Herhangi bir günah imanı ortadan kaldırır mı

İman‘ın kelime anlamı, herhangi bir şeye inanmak demektir. İman sözlük anlamı, “bir kişiyi söylediği sözde tasdik etmek, doğrulamak, söylediğini kabullenmek, gönül huzuru ile benimsemek, karşısındakine güven vermek, güvenlikte olmak, şüpheye yer vermeyecek biçimde içten ve yürekten inanmak” anlamlarına gelir.
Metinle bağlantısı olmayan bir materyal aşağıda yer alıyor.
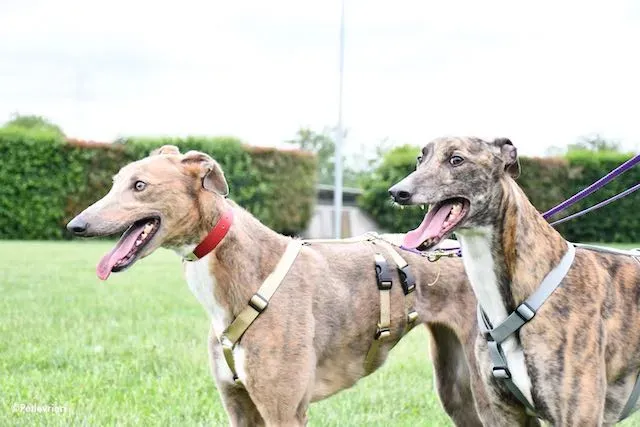 adoption day greyhound 16 maggio 2020 290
Ehl-i Sünnet’e göre herhangi bir günah imanı ortadan kaldırmaz.

Kur’an-ı Kerim, günah işleyen kimsenin imanını kaybetmeyeceğini bildirmiştir. Konu ile ilgili olarak şöyle buyurulmuştur.
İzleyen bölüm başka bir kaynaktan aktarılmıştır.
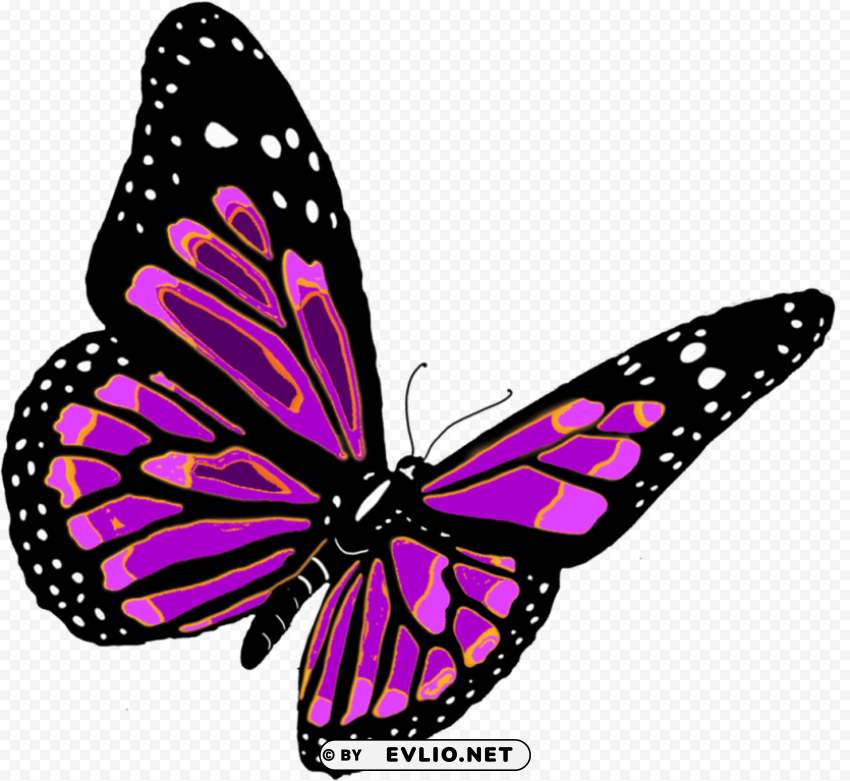 Butterfly Free PNG Images With Clear Backdrop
Eğer mü’minlerden iki grup birbirleriyle vuruşurlarsa aralarını düzeltin.” (Hucurat 9)

Mü’min olan bu iki grup birbirleriyle vuruşmakta günah işlemişlerdir. Böyle olduğu hâlde Allah Teâlâ onları “mü’min” diye nitelemiştir.

Bu konuda diğer bir ayetin anlamı da şöyledir:

Ey mü’minler! Samimi bir tövbe ile Allah’a dönün. Umulur ki Rabbiniz sizin kötülüklerinizi örter ve sizi içlerinden ırmaklar akan cennetlere sokar.” (Tahrim 8)

Bu ayette de Allah Teâlâ günah işleyenlere “mü’min” diye hitap etmekte, günahlarım bağışlamak için tövbe etmelerini emretmektedir.

Bu konudaki hadis-i şerifler de şöyledir:

Ebû Zerr (ra.) şöyle demiştir: Resul-i Ekrem’e (sas.) geldim. Üzerinde beyaz bir elbise olduğu hâlde uyuyordu. Döndüm, sonra yine geldim, uyanmıştı. Şöyle buyurdu:

“‘Lâ ilâhe illâ’llâh = Allah’tan başka ilah yoktur.’ diyen ve bu ikrar üzerine ölen hiçbir kul yoktur ki cennete girmesin.” buyurdu. Ben,

“Zina etse de hırsızlık etse de mi?” dedim. Peygamberimiz, “Evet, zina etse de hırsızlık etse de girer.” buyurdu. Ben tekrar,

“Zina etse de hırsızlık etse de mi?” dedim. O,

“Evet, zina etse de hırsızlık etse de yine girer.” buyurdu. Ben, “Ey Allah’ın Resulü! Zina etse de hırsızlık etse de mi girer?” dedim. O,

“Evet, Ebü Zerr’in burnu toprağa sürülse ve böyle zelil ve hakir olsa da muhakkak cennete girer.” buyurdu.

Ebü Zerr (ra) bu hadisi rivayet ederken,

“Ebü Zerr’in burnu kırılsa da izzet ve gururu incinse de Resul-i Ekrem böyle buyurdu.” dedi.

Bu hadis, günah işleyen mü’minin günah sebebiyle kâfir olmayacağını, sonunda cennete gideceğini bildiriyor. Yoksa işlediği günahların cezasını çekmeden veya Allah tarafından bağışlanmadan doğrudan cennete girecek anlamında değildir.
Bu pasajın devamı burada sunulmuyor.